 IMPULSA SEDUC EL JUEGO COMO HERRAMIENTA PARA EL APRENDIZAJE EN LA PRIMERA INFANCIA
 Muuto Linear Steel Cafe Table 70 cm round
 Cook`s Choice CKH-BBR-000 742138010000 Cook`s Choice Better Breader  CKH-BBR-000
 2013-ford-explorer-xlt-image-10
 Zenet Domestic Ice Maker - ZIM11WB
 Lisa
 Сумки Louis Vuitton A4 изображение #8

------------

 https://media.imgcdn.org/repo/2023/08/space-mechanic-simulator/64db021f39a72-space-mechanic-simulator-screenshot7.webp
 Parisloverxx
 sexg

------------

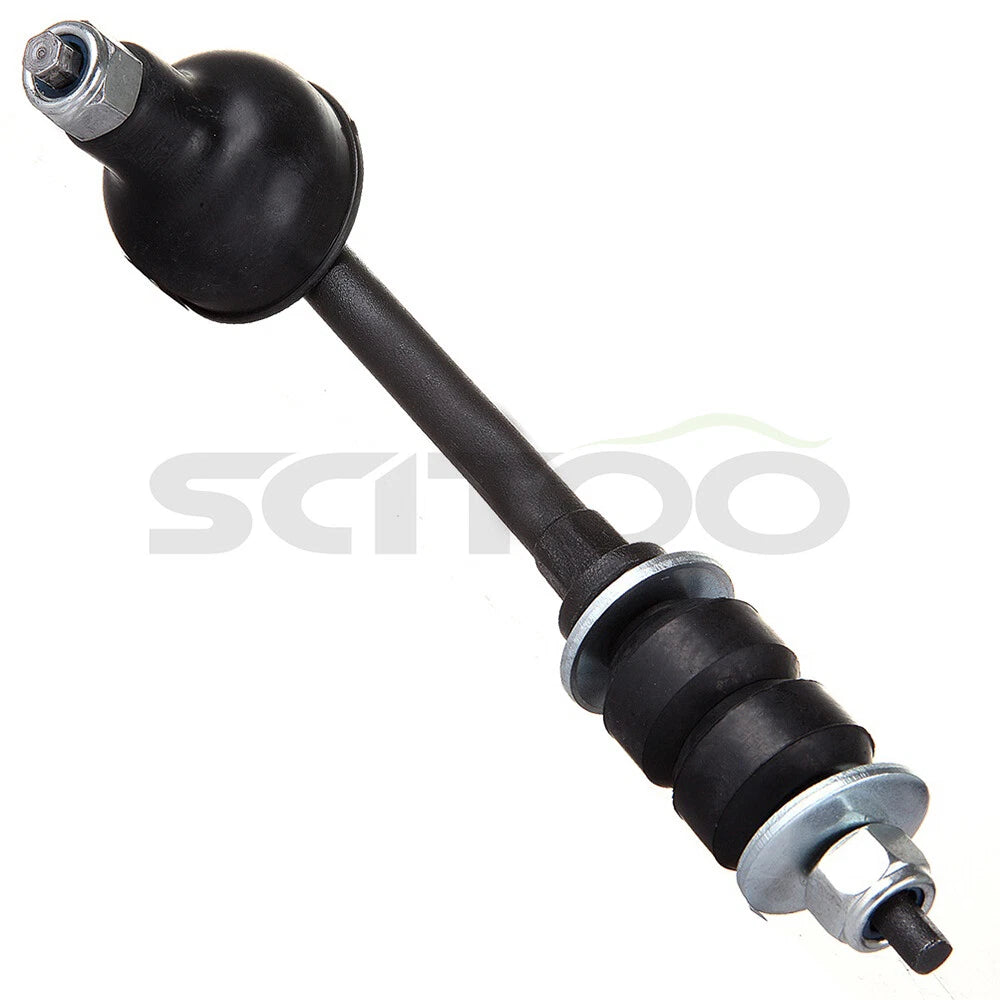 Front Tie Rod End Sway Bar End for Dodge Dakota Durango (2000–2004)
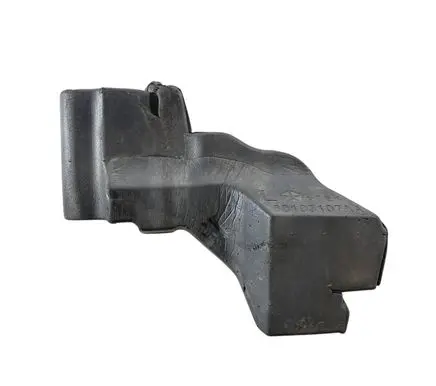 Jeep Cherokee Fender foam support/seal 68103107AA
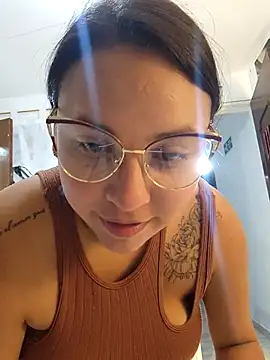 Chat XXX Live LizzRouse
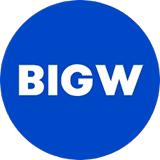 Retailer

------------

From the line holding "IMPULSA SEDUC EL" to the line holding "Сумки Louis Vuitton A4 изображение #8", inclusive, restate each line above exactly as written.

 IMPULSA SEDUC EL JUEGO COMO HERRAMIENTA PARA EL APRENDIZAJE EN LA PRIMERA INFANCIA
 Muuto Linear Steel Cafe Table 70 cm round
 Cook`s Choice CKH-BBR-000 742138010000 Cook`s Choice Better Breader  CKH-BBR-000
 2013-ford-explorer-xlt-image-10
 Zenet Domestic Ice Maker - ZIM11WB
 Lisa
 Сумки Louis Vuitton A4 изображение #8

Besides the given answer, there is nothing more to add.